#### EXERCISE GOAL:
Although the records contain pictures, print none of them; print exactly the lines from the one with "Acatistier - Aprobarea Sfantului Sinod" through the last line.

*** DATA SUPPLIED ***

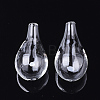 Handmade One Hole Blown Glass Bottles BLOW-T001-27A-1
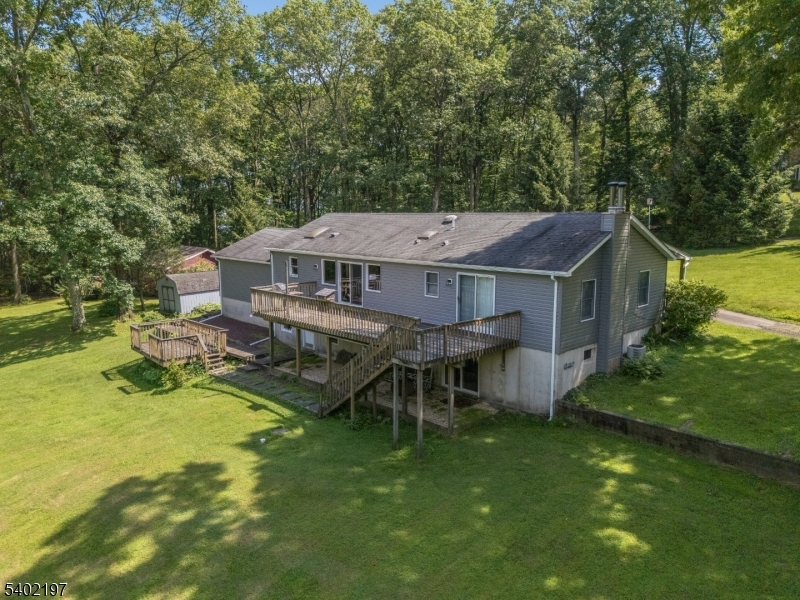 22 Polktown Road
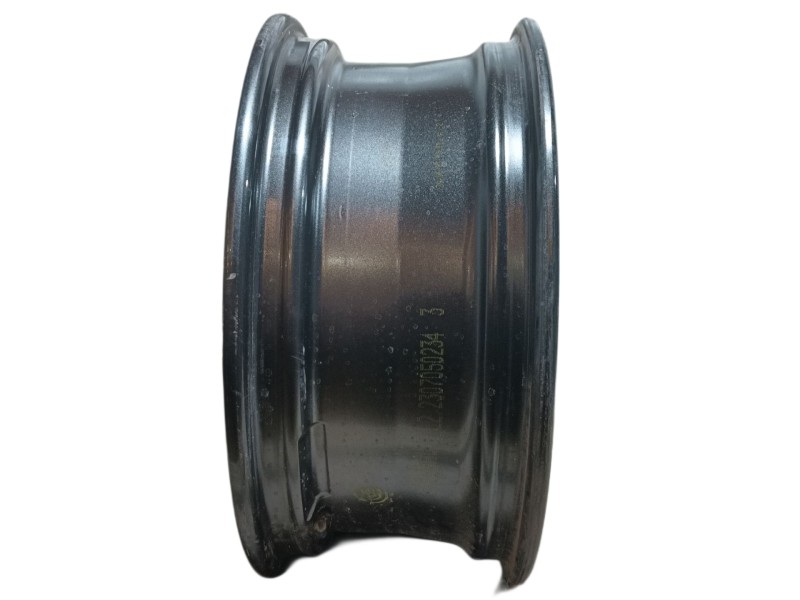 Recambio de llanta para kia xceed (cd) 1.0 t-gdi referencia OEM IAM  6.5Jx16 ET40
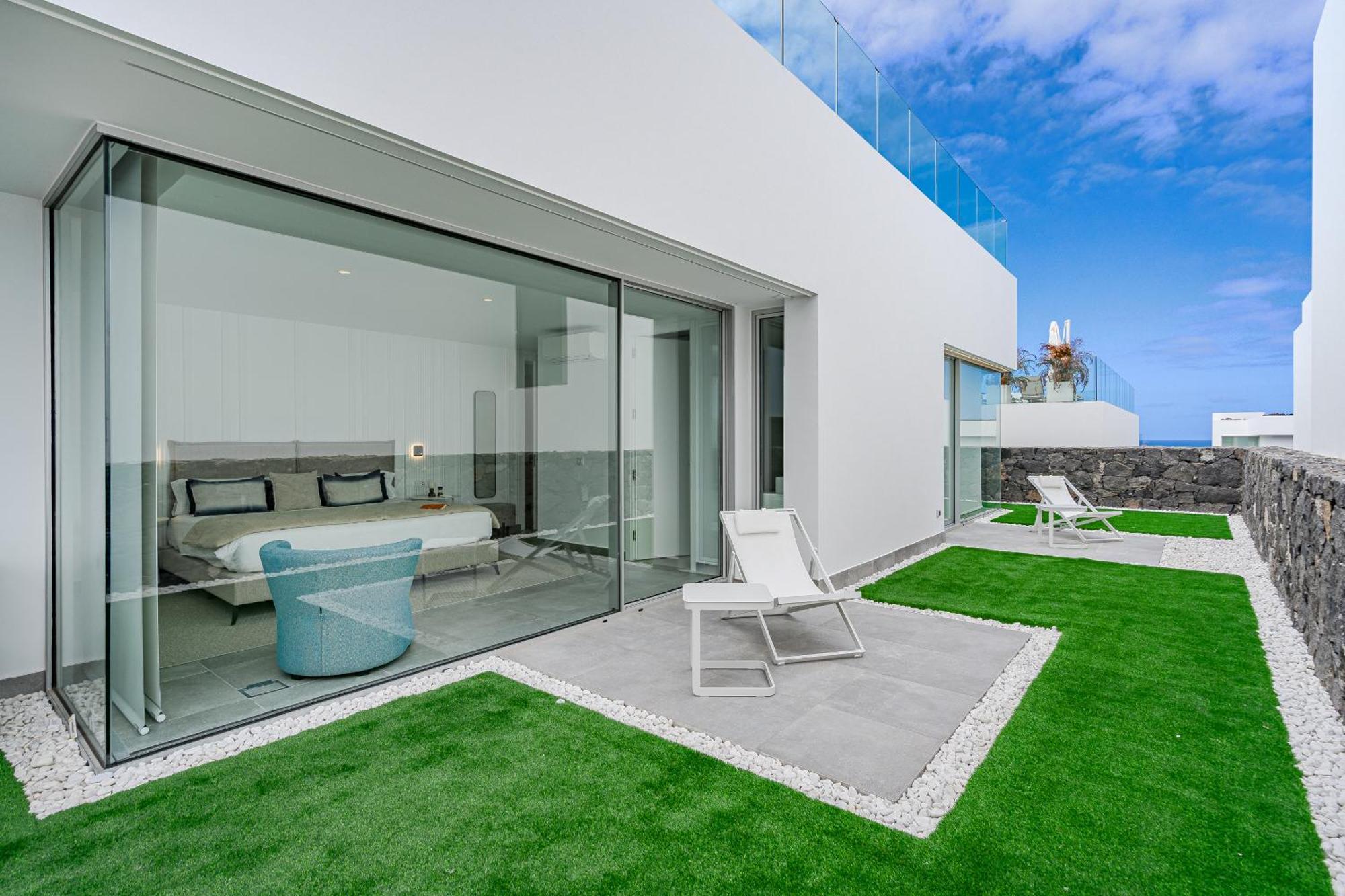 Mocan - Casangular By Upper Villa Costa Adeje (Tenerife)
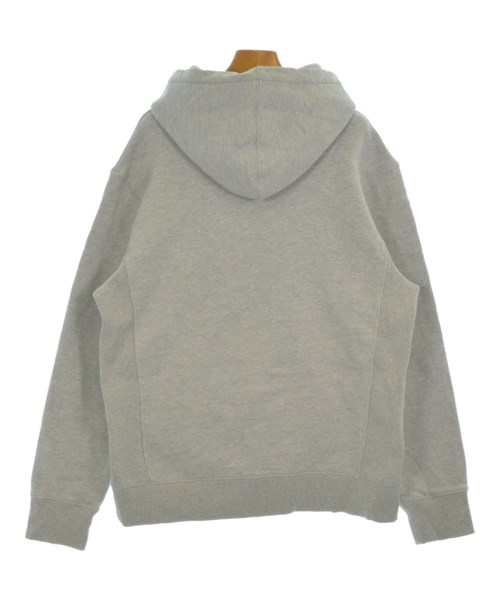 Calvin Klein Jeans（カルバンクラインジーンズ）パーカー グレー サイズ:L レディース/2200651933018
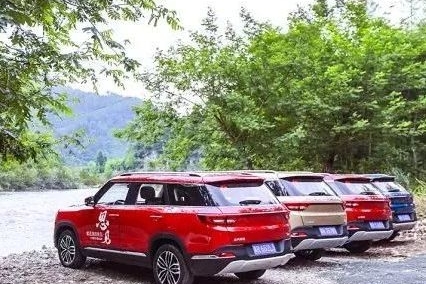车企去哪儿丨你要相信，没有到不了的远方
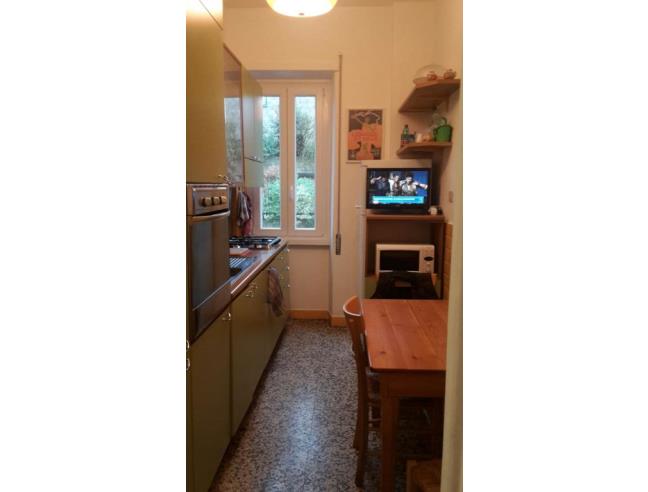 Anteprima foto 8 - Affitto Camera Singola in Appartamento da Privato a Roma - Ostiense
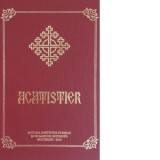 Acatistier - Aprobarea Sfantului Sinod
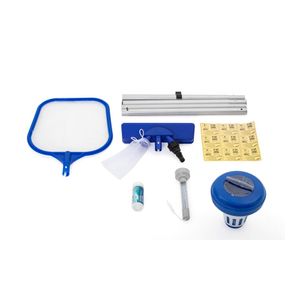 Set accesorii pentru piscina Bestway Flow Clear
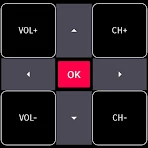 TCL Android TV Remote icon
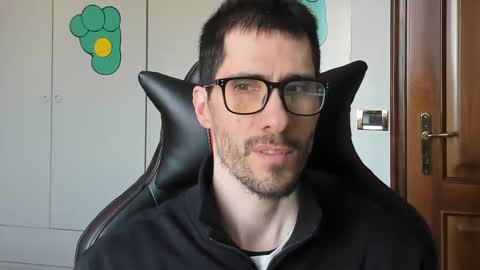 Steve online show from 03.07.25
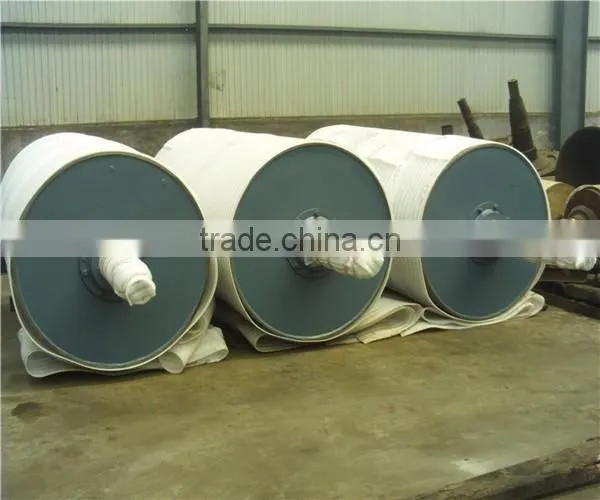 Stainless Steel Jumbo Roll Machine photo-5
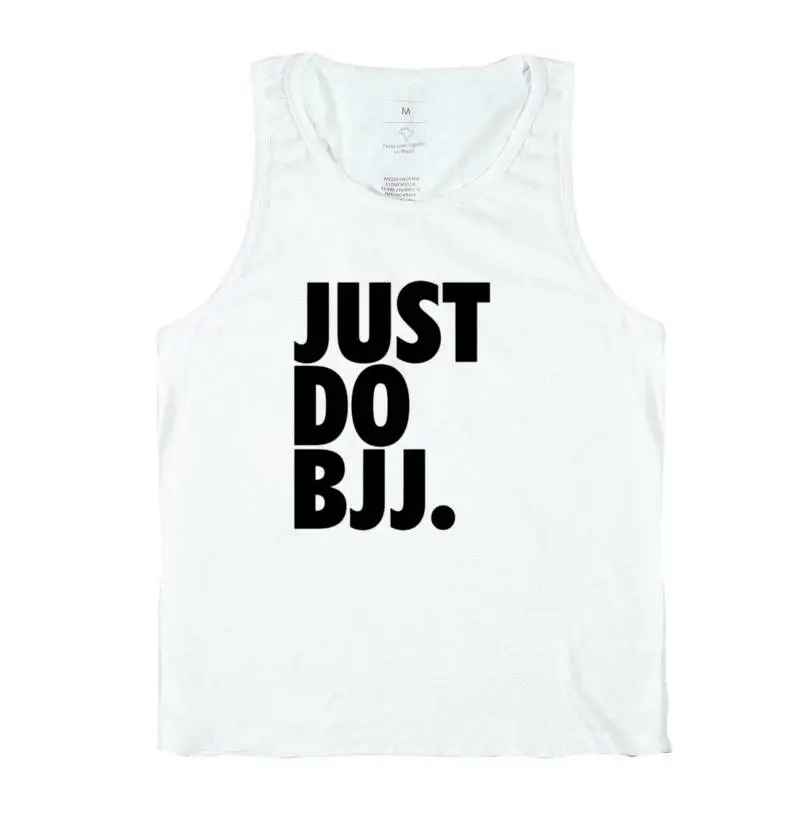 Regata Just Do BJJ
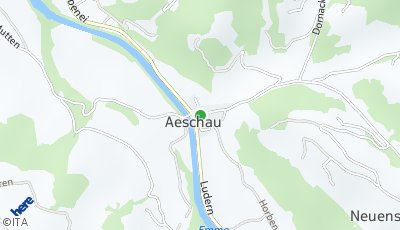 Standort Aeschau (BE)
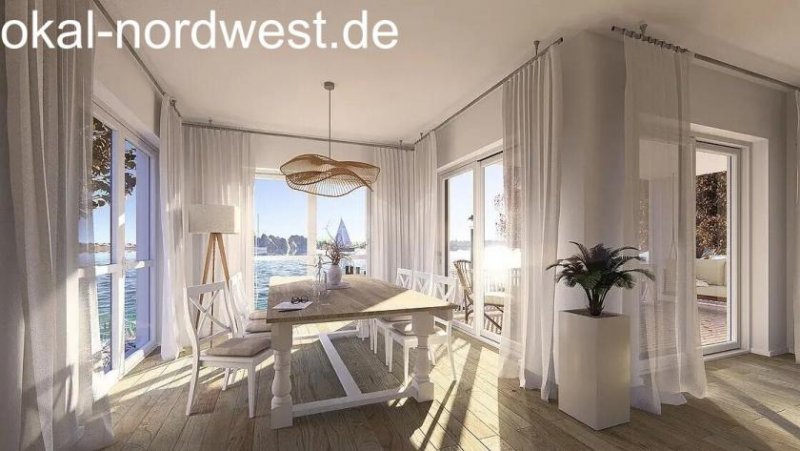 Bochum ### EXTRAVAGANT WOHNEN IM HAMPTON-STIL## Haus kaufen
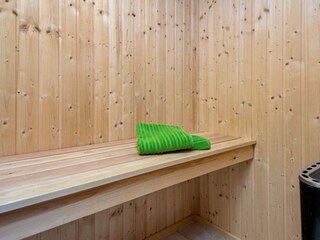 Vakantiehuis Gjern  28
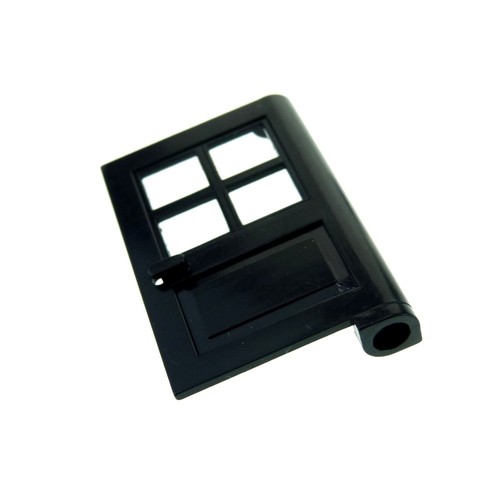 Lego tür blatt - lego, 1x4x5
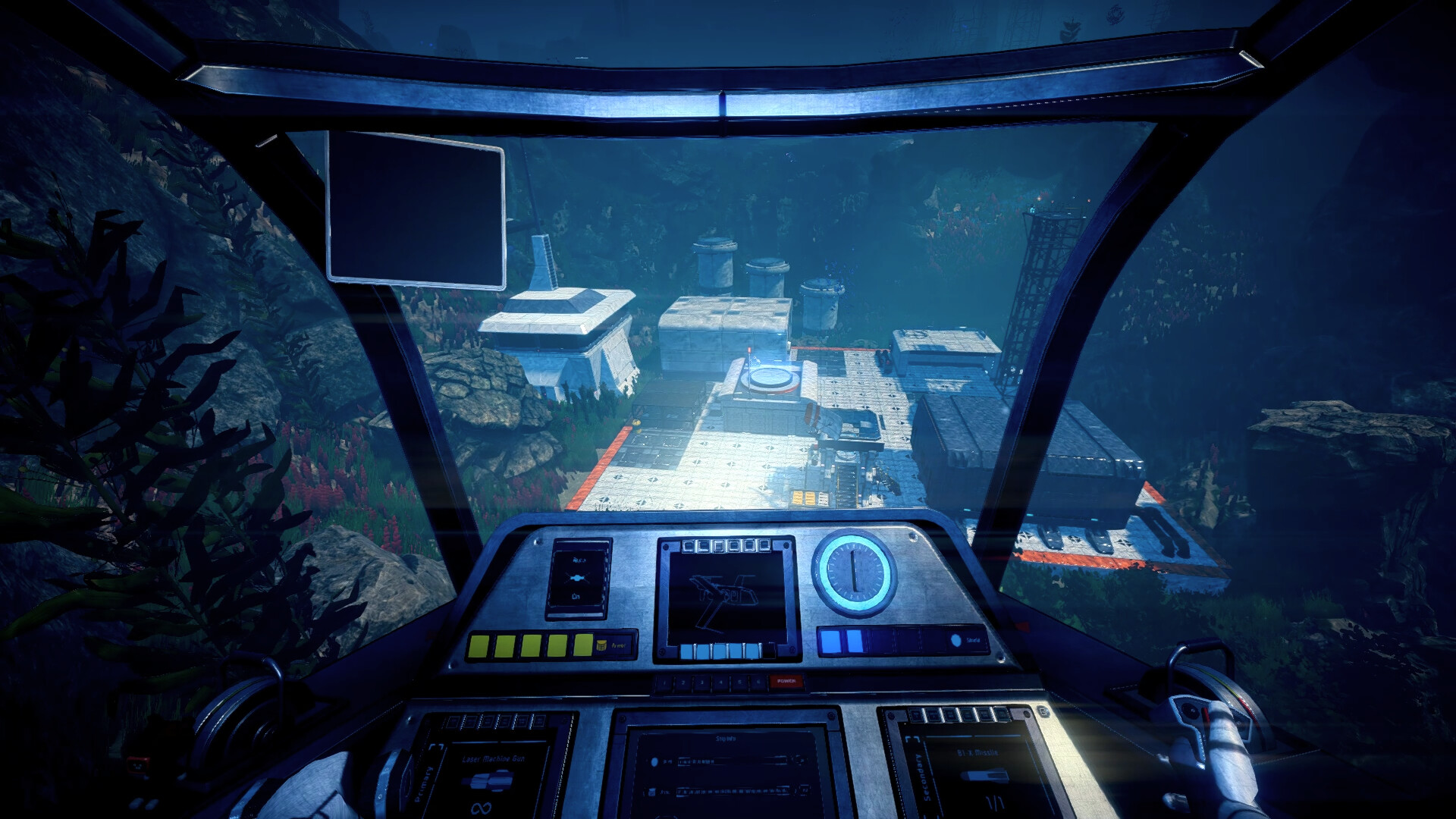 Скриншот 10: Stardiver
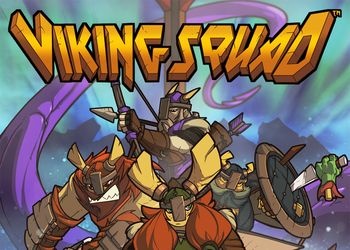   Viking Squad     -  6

*** End of DATA SUPPLIED ***

#### EXERCISE SOLUTION:
 Acatistier - Aprobarea Sfantului Sinod
 Set accesorii pentru piscina Bestway Flow Clear
 TCL Android TV Remote icon
 Steve online show from 03.07.25
 Stainless Steel Jumbo Roll Machine photo-5
 Regata Just Do BJJ
 Standort Aeschau (BE)
 Bochum ### EXTRAVAGANT WOHNEN IM HAMPTON-STIL## Haus kaufen
 Vakantiehuis Gjern  28
 Lego tür blatt - lego, 1x4x5
 Скриншот 10: Stardiver
   Viking Squad     -  6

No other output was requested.